Payments made
simple and social
Payments made simple and social
You just had a great dinner with your friends, and your friends ask you to settle the bill. Being a Good Samaritan, you agree to do it, but following up with your friends for their share of the bill is a daunting task. We have all been there, and we know how awkward it can get.
Citrus Payments is a leading payment gateway and consumer wallet in the country. It was acquired by Naspers Group in a $130 million all-cash deal.
The idea was to make this platform a digital equivalent of one’s wallet and ease personal finances between groups of people.
We worked with the product and technology teams to define the product through a series of product strategy and design workshops. We created the product architecture/workflows and designed the app's user interface. The idea was to gather P2P payments (for friends, cab drivers, grocers, or even the local tea stall), split bills, pool money and send virtual gifts on one platform, and to make this platform the digital equivalent of one’s wallet.
Luckily for this project, we represented their target audience.
The company wanted to enter the consumer payments market with a mobile app aimed at becoming a one-stop payment solution for Indians between 18 and 30 years old. This meant that every member on the Parallel team was part of the target demographic and a potential user persona who reflected different backgrounds, spending habits and lifestyles.
With four modules — which included P2P Payments, Bill Splitting, Pooling Money and Gifting — we had a complex information architecture that needed to be simplified. At the same time, there were numerous edge cases to be accounted for while keeping the information architecture simple.
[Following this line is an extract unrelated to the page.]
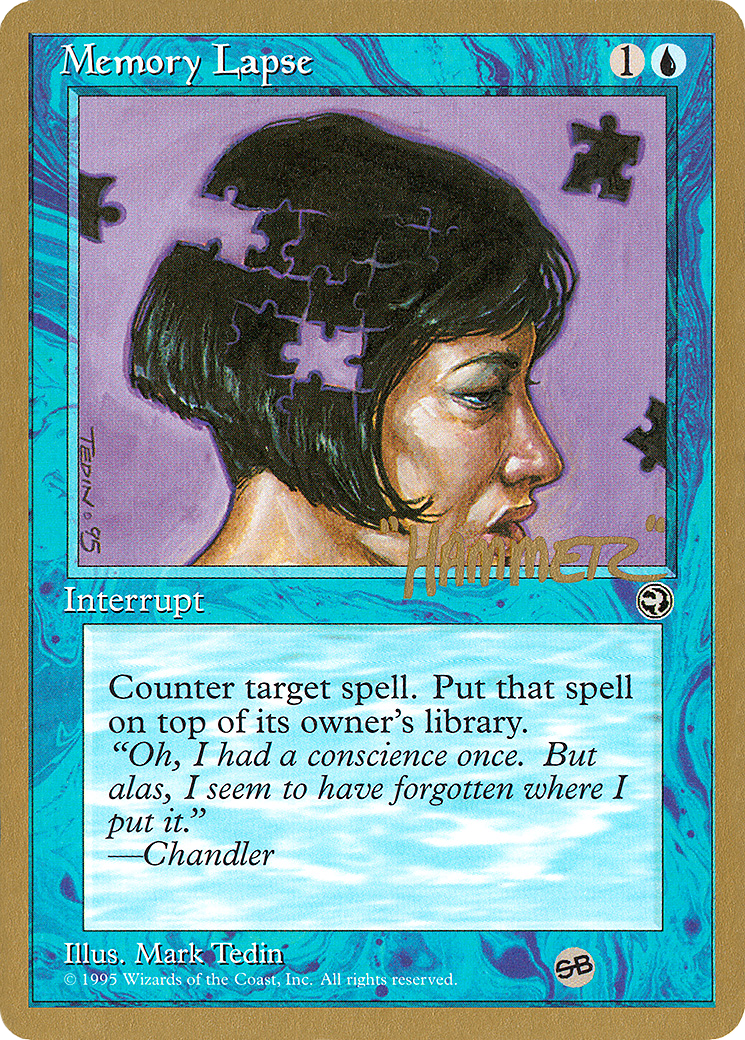 Memory Lapse (WCD-) - Pro Tour Collector Set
From paying the cab driver to pooling money for a birthday party, we wanted the app to be the user’s daily companion.
After extensive research about the trends in payments apps across the world like Venmo, Square and Snapcash, we came to the conclusion that chat should be at the core of the user experience. We also found that handling payments in groups became far less awkward for people, thanks to the element of interpersonal relationships introduced through chats.
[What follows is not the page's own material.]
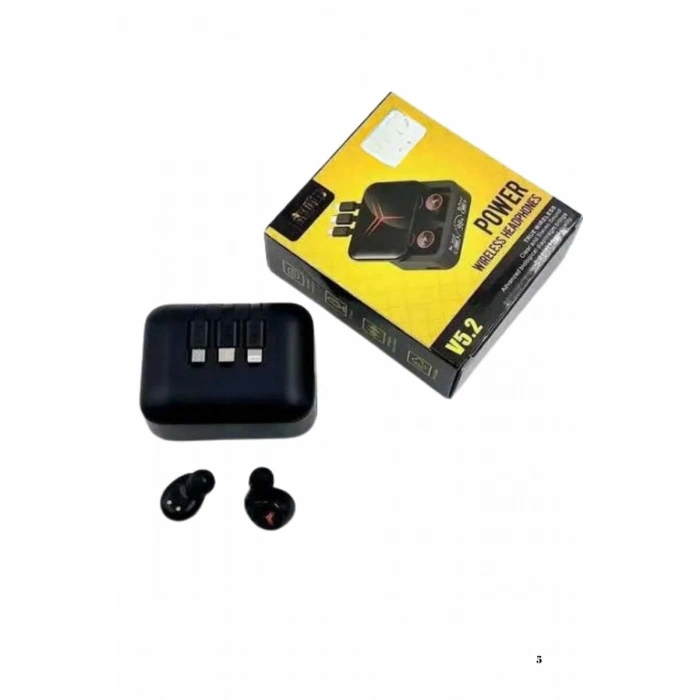 Kablosuz Bluetooth Kulaklık Powerbank Özellikli Göstergeli Hd Mikrofon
The goal was to use chat as the core of the experience and to try to make it as simple as WhatsApp.
Since much of the app’s purpose is to ease personal finances between intimate groups of people, we came up with an idea to bring micro-gifting into the mix to add stickiness to the app.
The idea was to let people express themselves by treating their friends with a virtual gift along with money transferred to their wallet. We made it fun using illustrated icons representing the gift and trying to recreate the joy of actually opening a gift with animated transitions and confetti.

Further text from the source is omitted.